Held in honor of its official date of incorporation, April 10, 1956, the Key Peninsula Civic Center Association unveiled its newly installed brick path near the entrance of the civic center during an event dubbed “The Great Brick Reveal” to community members gathered in Vaughn April 10.
The personalized bricks, purchased and engraved through the company Fundraising Brick, brought in around $9,000 from the sale of 78 bricks purchased by local residents, organizations and businesses.
“I was really excited to see some of the older families, like the Olsons. Some of the Olson sisters were there,” KPCCA Board and Executive Committee member Rachel Newhouse said. “We got to hear a lot of stories about back when the center was a school and how it came into the hands of the community and some of how it’s been run since then.”
KPCCA honored its founders by listing their surnames on two large bricks. The last surviving founder, Wally Cornman, is now 96 years old and recently moved to a retirement center in Gig Harbor.
The personalized bricks are engraved with dedications to family, friends and pets, quotes from well-known locals, and memorials for Ted Ralston and Joanna Gormly, Eric Leo Collins and other beloved friends who have passed away.

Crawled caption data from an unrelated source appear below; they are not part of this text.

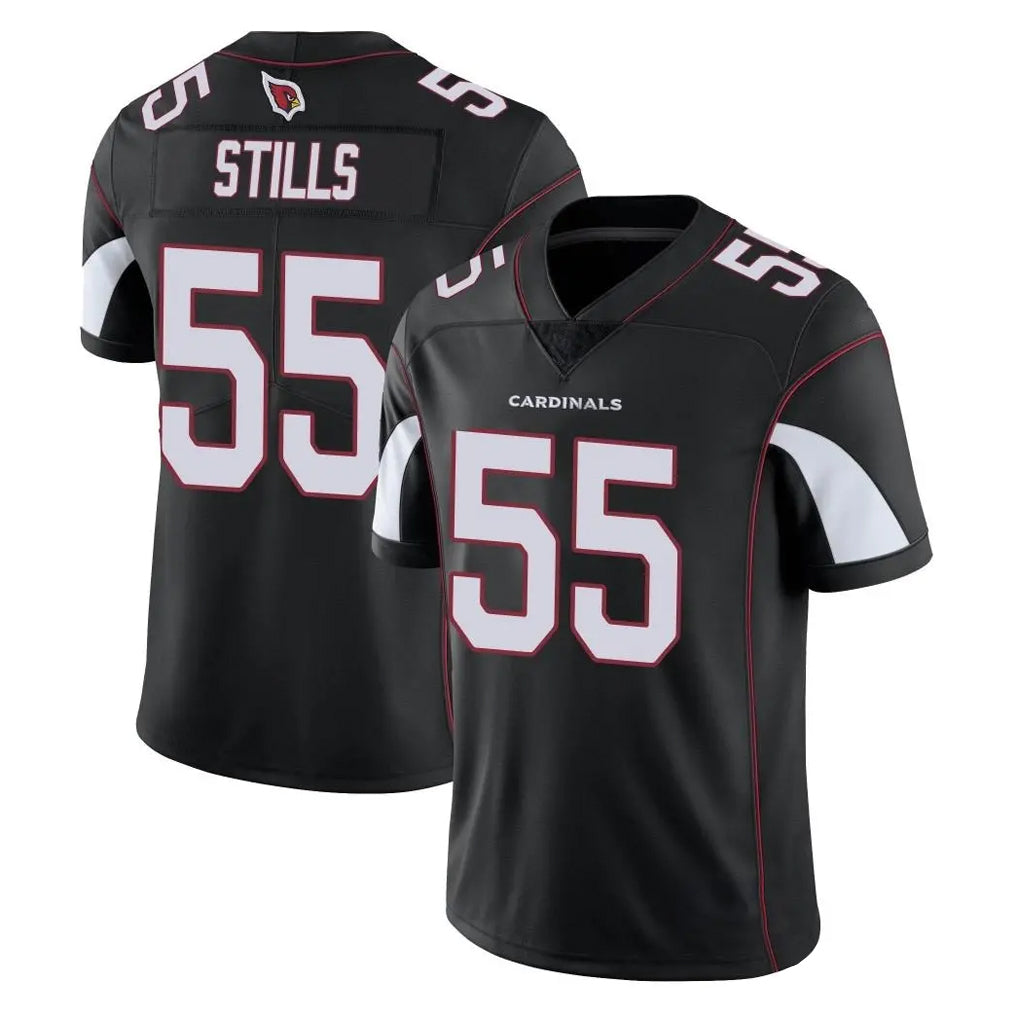 Perkns A.Cardinals #55 Dante Stills Player Black Vapor Limited Home Game Stitched Jerseys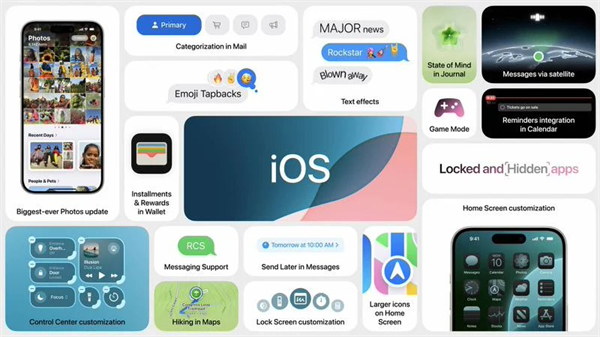 蘋果發(fā)布 iOS 18.0 正式版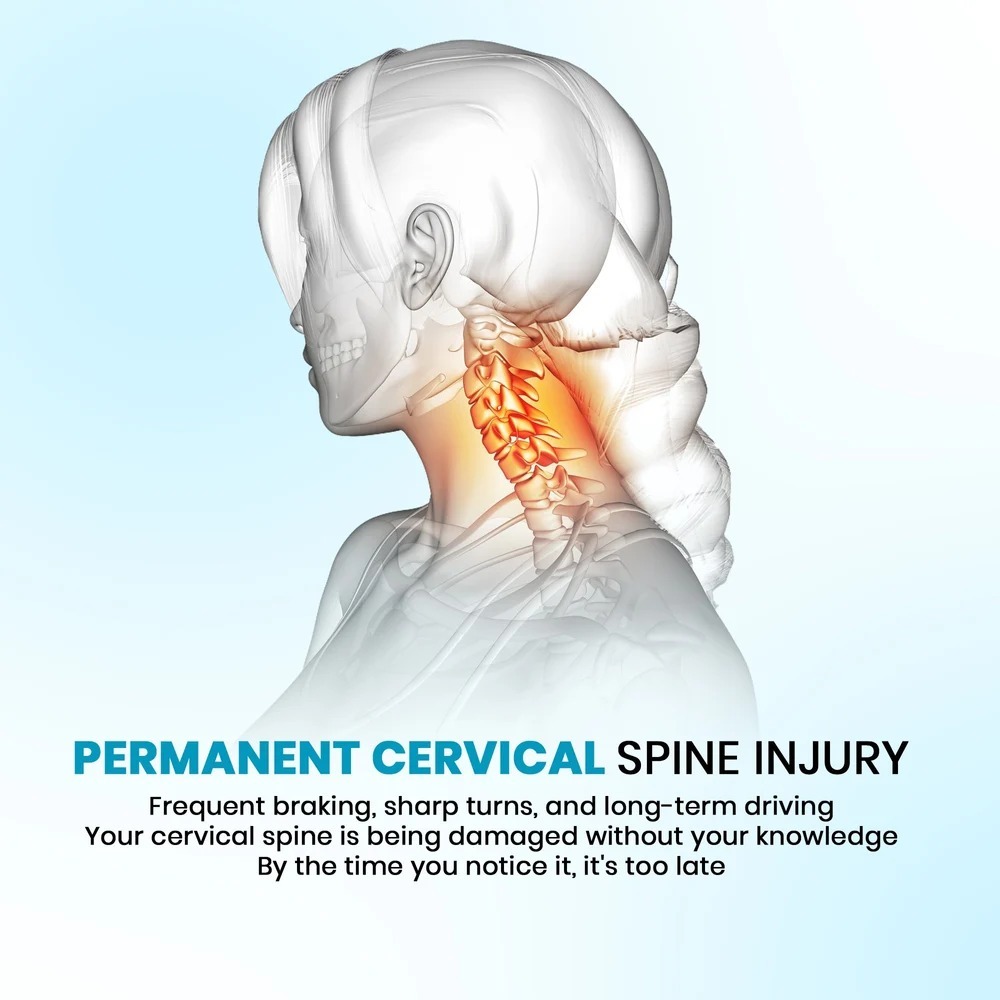 Small Universal Car Pillow - Memory Foam, Universal 14x10x5 Inches | 6-month To 1-year Warranty, Ideal For Car Neck Support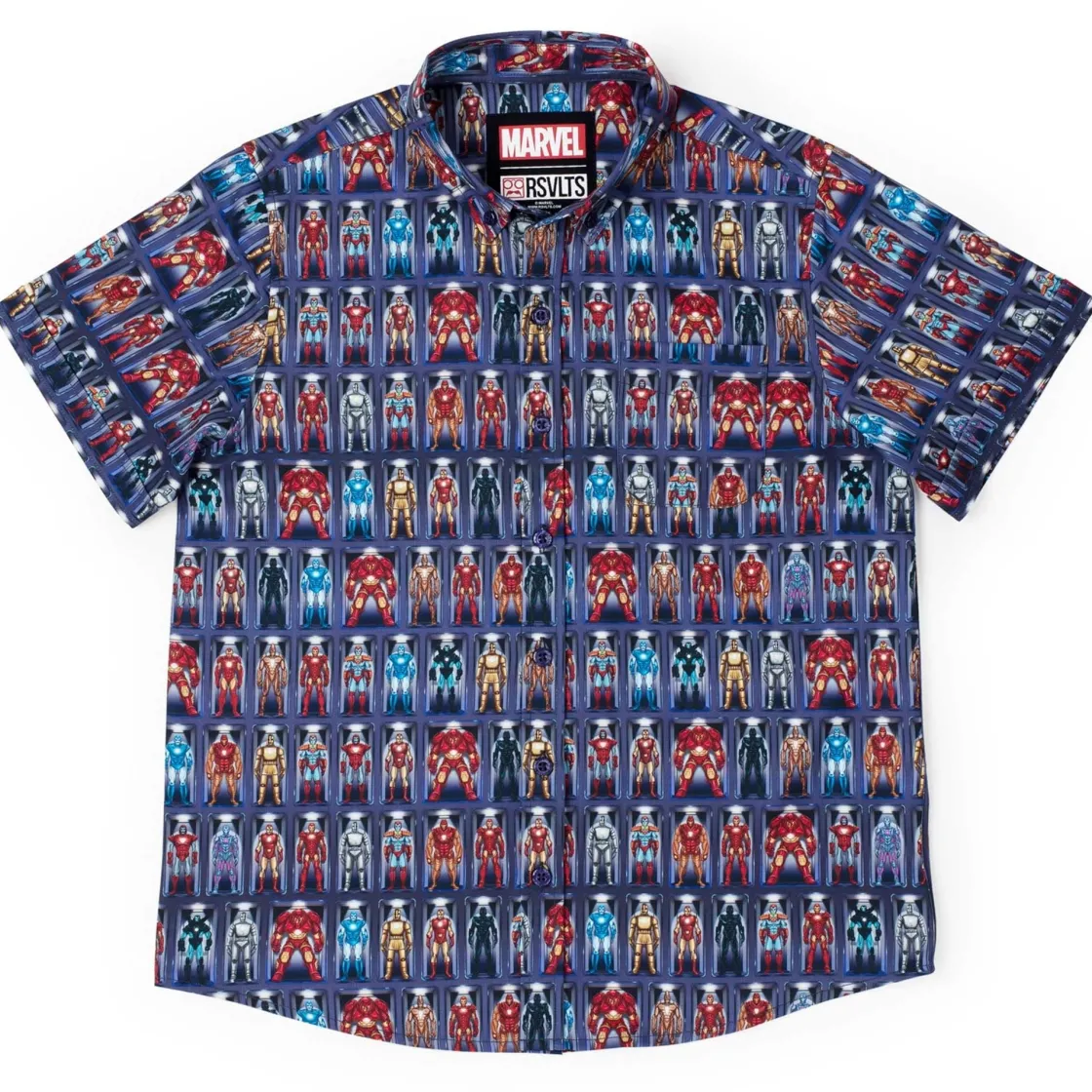 Iron Man|Marvel|Marvel Iron Man “Hall of Armor” – Youth KUNUFLEX Short Sleeve Shirt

“Our brick thanks those who laid the way for a great community asset,” Margo Macdonald of Vaughn said. It reads: “To those before us to those yet to come, our appreciation and gratitude for the civic center.”

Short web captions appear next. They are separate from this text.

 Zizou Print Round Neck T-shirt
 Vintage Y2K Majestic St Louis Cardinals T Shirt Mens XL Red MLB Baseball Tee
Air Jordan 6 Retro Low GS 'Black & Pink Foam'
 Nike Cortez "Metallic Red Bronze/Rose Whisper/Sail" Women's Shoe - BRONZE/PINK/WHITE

There are bricks with inside jokes, such as “Mindy Rowland The Pink Dog” and pieces of advice: “If you want something you’ve never had, then you have to do something you have never done.”
“In my opinion, the corporate logo bricks turned out the most spectacular,” KPCC Operations Manager Stefanie Warren said. “The Purdy Cost Less brick and KP Suicide Prevention Coalition brick look really great.”
Newhouse said the Great Brick Reveal event was a nice way to come together in a small way as a community.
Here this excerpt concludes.